▶ [Assignment]:
Locate the line bearing "Sewzinski Trippy Waves" in the material below, then reproduce it and each following line up to and including the line bearing "Fiche mâle blanc glossy 16A Diall 2 pôles".

▶ [Extracted records]:
_ _ _
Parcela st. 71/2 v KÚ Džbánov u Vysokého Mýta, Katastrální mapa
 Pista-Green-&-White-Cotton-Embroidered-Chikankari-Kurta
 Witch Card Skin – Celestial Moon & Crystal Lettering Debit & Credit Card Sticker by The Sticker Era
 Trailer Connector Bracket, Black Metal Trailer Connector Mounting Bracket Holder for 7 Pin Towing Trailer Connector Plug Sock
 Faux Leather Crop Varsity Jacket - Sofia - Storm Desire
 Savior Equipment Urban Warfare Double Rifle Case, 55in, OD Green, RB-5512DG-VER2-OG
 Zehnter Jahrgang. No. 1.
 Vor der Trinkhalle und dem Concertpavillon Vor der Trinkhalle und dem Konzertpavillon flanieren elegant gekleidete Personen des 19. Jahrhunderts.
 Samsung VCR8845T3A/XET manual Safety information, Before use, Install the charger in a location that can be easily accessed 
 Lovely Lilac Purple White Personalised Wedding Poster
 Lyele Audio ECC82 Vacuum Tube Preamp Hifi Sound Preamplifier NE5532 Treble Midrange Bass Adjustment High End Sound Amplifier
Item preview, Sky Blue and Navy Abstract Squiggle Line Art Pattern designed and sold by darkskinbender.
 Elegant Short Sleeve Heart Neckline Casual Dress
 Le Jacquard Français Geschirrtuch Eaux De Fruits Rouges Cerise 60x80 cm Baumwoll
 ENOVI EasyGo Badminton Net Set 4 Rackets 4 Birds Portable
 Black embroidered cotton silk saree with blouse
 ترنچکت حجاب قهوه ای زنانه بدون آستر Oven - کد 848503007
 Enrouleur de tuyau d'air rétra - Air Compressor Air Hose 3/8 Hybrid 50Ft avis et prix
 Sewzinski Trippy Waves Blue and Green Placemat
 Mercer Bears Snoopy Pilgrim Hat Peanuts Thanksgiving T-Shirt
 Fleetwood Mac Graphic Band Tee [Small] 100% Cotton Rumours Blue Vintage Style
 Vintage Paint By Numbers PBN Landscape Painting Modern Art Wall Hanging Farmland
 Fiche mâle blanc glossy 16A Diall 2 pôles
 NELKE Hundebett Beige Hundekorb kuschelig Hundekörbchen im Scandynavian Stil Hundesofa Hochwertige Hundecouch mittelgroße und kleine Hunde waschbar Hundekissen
_ _ _
▶ [Task solution]:
 Sewzinski Trippy Waves Blue and Green Placemat
 Mercer Bears Snoopy Pilgrim Hat Peanuts Thanksgiving T-Shirt
 Fleetwood Mac Graphic Band Tee [Small] 100% Cotton Rumours Blue Vintage Style
 Vintage Paint By Numbers PBN Landscape Painting Modern Art Wall Hanging Farmland
 Fiche mâle blanc glossy 16A Diall 2 pôles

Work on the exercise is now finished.